Ouverture de données, design d'interface : retour d’usages et reconfigurations de la recherche en SIC
Résumé
La prise en considération des utilisateurs dans les dispositifs d’innovation technologique s’inscrit dans un mouvement de réappropriation de la technique par les usagers, animé par les pratiques de collaboration en réseau. L’industrie s’efforce de contrôler et d’exploiter le processus, tandis que les collectivités publiques, en quête d’un idéal “du citoyen actif ” fédèrent différentes expériences énoncées comme innovantes. La commande publique de recherche suit cette évolution sociétale. S’instaure ainsi au niveau européen, une pratique de financement rejaillissant sur les territoires décentralisés, qui encourage la coopération de la recherche et de l’industrie.
Notre terrain d’étude exploite deux projets financés (Région/Europe) dans le cadre des Pacalab’s : Ecofamilies et OpeNRJ ; deux dispositifs d’innovation technologique et sociétale : la co-conception d’une interface web visant le suivi des consommations énergétiques domestiques et la génération de services et d’usages liés à l’ouverture de données de consommation énergétique de bâtiments publics et privés.
Notre méthodologie déploie une ethnographie des usagers, qui interroge et vise une modélisation des compétences (mobilisables et à acquérir) des différents types d’usagers, au sein de dispositifs socio-techniques : citoyens, designers et ingénieurs ou groupes d’usagers experts, aux compétences numériques, culturelles et cognitives variées, en situation de collaboration.
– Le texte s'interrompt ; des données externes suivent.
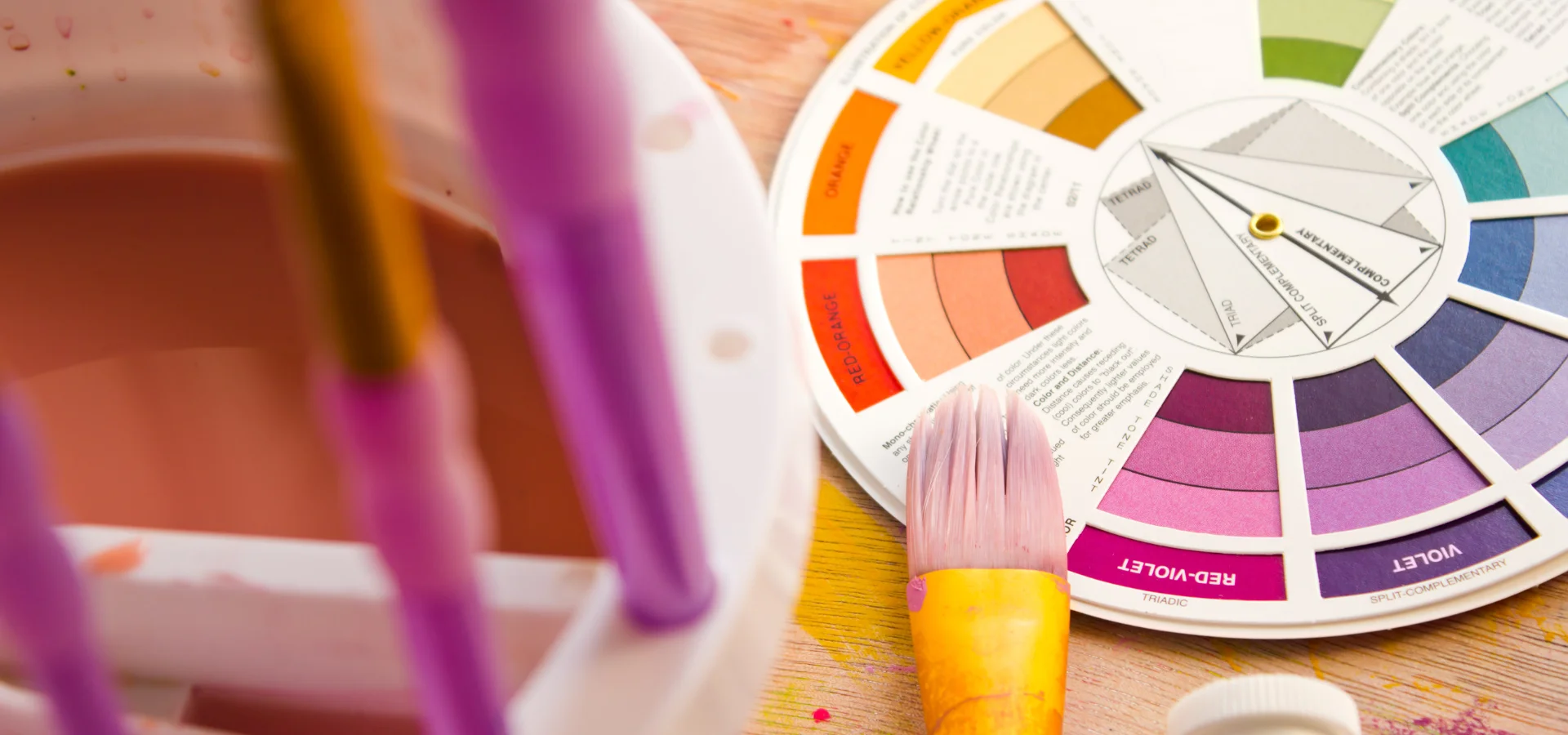 Colour Wheel Chart Antics Unveiled. in this image on the right hand side is a round colour wheel showing the colours that can be mixed. on the left of it is a large flat paintbrush with a yellow ferrule resting on it slightly. behind the brush to the left is the blurred image of a paintbrush holder with other pink stemmed brushes inside of it. they are all lying on a wooden tabletop. the light is coming from the right hand side of the image and casting slight shadows underneath the objects.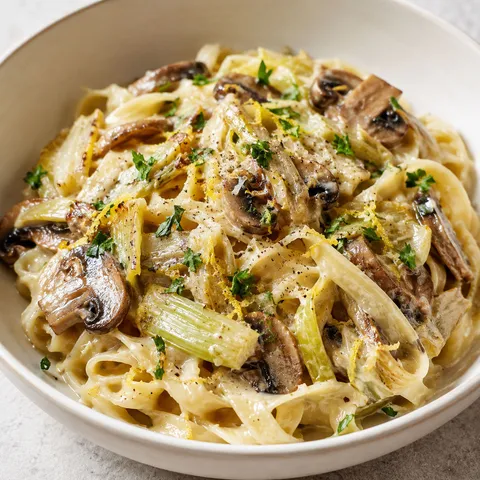 Caramelized leek and mushroom Gruyere pasta with parsley in a shallow bowl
Si nous inscrivons notre étude dans une histoire pluridisciplinaire des usages (de la sociologie des usages à une approche anthropologique de l’usager), nous souhaitons réinvestir plus précisément la question de l’usage en son contexte développée par J. Davallon et J. Le Marec (2000), qui offre une place à l’usage dans les pratiques culturelles et envisage « une mise en culture de l’utilisation de l’objet » (Ibid., 2000 ; 176).
En quel sens les injonctions participatives au design d’interface et à la co-conception d’une solution technologique ou à la génération de nouveaux services basés sur l’ouverture de données gagnent-elles à être inscrites dans nos pratiques culturelles ? Quelle place est accordée à l’usager dans ces dispositifs d’innovation technique et sociale ? En quel sens la mise en avant des pratiques culturelles des usagers permet-elle une approche critique des stratégies industrielles et territoriales d’engagement, voire d’aliénation des usagers ?
Nous visons enfin l’analyse des reconfigurations des pratiques des chercheurs que ces projets collaboratifs génèrent : les attentes non plus seulement en matière d’expertise, mais de médiation, voire d’animation d’une communauté cognitive en devenir et dans une perspective plus générale, la question de l’engagement social du chercheur.